Is it easy to set up?

----------

## pilla

It's not very hard... you need  to:

1) setup a new user for nessus  -- "nessus-adduser"

2) run "nessud" as root

3) run "nessus" (the GUI) as normal user and then login in as the user you added in (1)

4)choose the options you want to scan

5)choose the hosts you want to scan (Target Selection)

6) Run!

(I hope I haven't forgotten something importat...)

 *Zu` wrote:*   

>  *Bloody Bastard wrote:*   nessus is a good tool to find vulnerabilities in your system.

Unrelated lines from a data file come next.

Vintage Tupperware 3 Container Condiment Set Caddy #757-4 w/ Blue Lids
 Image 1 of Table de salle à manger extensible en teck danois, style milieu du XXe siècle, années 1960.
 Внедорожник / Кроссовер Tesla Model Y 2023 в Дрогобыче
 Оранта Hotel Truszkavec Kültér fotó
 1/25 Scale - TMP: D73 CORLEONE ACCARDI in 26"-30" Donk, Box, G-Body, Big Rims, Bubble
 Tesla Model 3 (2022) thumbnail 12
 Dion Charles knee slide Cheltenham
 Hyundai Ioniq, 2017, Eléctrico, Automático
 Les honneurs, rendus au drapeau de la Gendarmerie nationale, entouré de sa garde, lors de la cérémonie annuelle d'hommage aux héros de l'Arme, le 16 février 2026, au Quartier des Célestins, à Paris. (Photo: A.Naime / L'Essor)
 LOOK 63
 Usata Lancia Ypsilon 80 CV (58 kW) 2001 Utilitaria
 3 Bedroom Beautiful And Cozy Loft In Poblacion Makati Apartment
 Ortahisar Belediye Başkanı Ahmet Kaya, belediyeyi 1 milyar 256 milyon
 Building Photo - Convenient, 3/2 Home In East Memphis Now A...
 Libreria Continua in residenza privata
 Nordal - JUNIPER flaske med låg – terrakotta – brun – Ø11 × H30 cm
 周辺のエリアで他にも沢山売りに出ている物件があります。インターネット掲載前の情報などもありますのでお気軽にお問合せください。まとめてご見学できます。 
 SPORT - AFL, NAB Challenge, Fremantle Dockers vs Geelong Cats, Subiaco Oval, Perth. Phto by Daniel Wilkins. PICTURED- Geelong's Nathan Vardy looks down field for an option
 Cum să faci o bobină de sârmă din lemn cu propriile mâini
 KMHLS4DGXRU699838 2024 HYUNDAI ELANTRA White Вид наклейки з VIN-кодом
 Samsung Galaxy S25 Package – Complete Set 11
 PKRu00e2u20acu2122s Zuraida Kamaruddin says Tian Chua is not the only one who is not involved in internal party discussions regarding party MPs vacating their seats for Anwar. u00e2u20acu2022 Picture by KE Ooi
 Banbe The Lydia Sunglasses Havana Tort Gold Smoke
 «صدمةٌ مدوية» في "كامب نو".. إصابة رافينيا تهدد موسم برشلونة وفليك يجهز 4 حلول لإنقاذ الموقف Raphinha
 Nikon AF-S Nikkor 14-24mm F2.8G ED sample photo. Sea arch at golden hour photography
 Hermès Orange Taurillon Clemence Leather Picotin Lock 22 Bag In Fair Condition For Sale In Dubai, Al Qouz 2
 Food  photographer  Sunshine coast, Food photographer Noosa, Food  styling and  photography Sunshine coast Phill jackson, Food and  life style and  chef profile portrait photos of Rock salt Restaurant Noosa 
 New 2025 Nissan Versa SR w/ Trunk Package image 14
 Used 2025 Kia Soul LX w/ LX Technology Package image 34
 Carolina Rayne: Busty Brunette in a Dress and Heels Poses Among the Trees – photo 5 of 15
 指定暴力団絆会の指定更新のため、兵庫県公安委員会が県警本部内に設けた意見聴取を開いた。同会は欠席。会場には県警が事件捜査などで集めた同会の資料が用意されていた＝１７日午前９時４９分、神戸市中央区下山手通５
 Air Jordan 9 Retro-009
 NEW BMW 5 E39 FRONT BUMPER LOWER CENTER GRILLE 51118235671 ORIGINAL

It scans your ports and generates reports about vulnerabilities and proposes some remedies, sometimes =) 
> 
> Is it easy to set up?

 

----------

## nitro322

 *Bloody Bastard wrote:*   

> 1) setup a new user for nessus  -- "nessus-adduser"
> 
> 2) run "nessud" as root
> 
> 3) run "nessus" (the GUI) as normal user and then login in as the user you added in (1)
> ...

 

You'll also probably have to run nessus-mkcert to create a certificate.  Also, you'll probably want to start it with 'nessusd -D' instead, so it gets forked to the background.

----------

## Zu`

 *Bloody Bastard wrote:*   

> It's not very hard... you need  to:
> 
> 1) setup a new user for nessus  -- "nessus-adduser"
> 
> 2) run "nessud" as root
> ...

 

Thanks, I'll try it out.

----------

## TuxFriend

 *rajendra82 wrote:*   

>  ICMP port is shown as open

 

change RFC_1122_COMPLIANT="yes" to RFC_1122_COMPLIANT="no"

TuxFriend

----------

## network

How exactly does not sending ICMP echo-requests and port-unreach packets back qualify as being more secure?  IMO these scanning website are giving new firewall users misleading information.  By default NO services are availalble to external machines, though yes, the firewall does send icmp-port-unreach packets (telling the connecting host that the port is not available...) as per internet standards.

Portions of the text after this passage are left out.